営業と心の交流
今回は、常日頃、部下に言っている「営業手段と心の触れ合い」について、書いてみたいと思います。
営業は、結局は、売り手である営業マンと、買い手である購買担当者との、
人間と人間の心の交流であり、営業能力の良しあしはつまるところ、
「いかに深く、真摯に心の交流をなしえたか」、という言葉に言い換えられます。
営業手段としては、メール、電話、商談訪問、接待、海外出張アテンド等々がありますが、こころの交流という意味で、手段の効果を表現すると、
メールを1とすれば、電話は5、商談訪問は10、接待は20、海外出張アテンドは30、くらいの密度の違いがあるでしょう。
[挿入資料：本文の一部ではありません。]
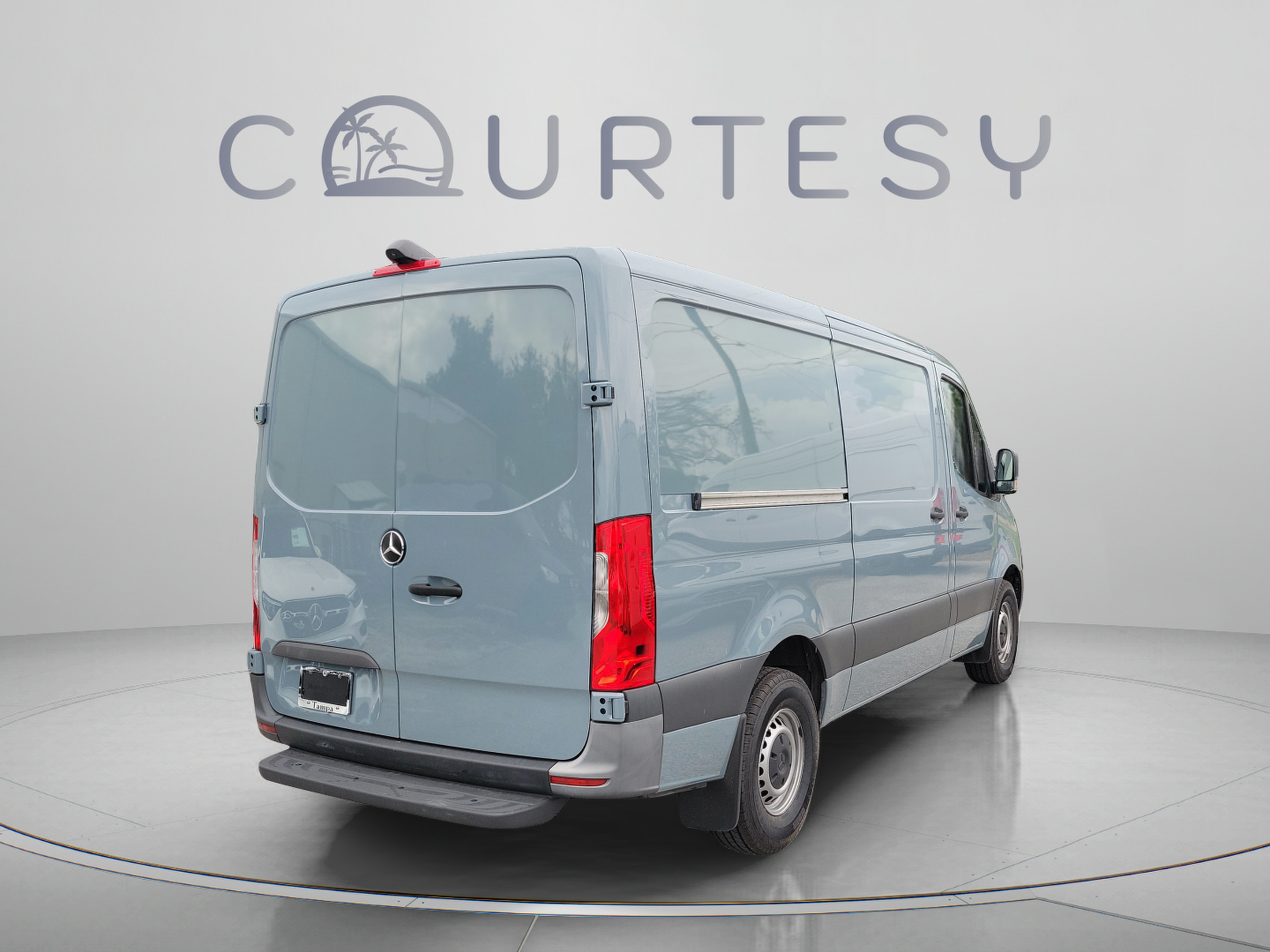Used 2025 Mercedes-Benz Sprinter 2500 image 3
以前、「説得と納得」でも書きましたが、結局は商売成立は買い手であるお客様が心を開いて、当方がご提案することに、「納得」していただいた瞬間が、商売成立の時であるわけです。
1・5・10・20・30とあえて、数値で表現しましたが、その数値は、
「心の交流の度合い」「心を開いてもらう可能性の度合い」と言い換えられるでしょう。
100回のメールより、1回の海外主張アテンドのほうが、心の交流を深められます。
ここまでは、お読みになっている皆さんが、納得していただけると思います。
で、当然のことながら 商売の濃さ、多さを目指すためには、訪問頻度を上げ、
当社のことを、自分自身を知ってもらい、信頼してもらう努力をするわけですが、
もし、不適切な発言や態度、間違った情報や、強引な姿勢等々があり、
お客様の印象を悪くしてしまった場合も、逆に「マイナス効果」として、
メールの不適切さの5倍、10倍、20倍の悪影響もあるわけです。
つまり、何もしないことより、悪い営業行為は、負の効果をもたらすこととなります。
従い、極端な例ですが、相手が忙しいのに毎日電話したり、
商談のアポイントを適切な話題もないのに、毎週のように申し込んだり、
強引に説得したりすることは逆効果で、やってはいけないことなわけです。
結局は、「今、お客様は何をしたいのか」「どのような状況なのか」「どのようにお考えなのか」という、状況判断をしたうえで、最適な営業手段を選択することが、重要と言えるでしょう。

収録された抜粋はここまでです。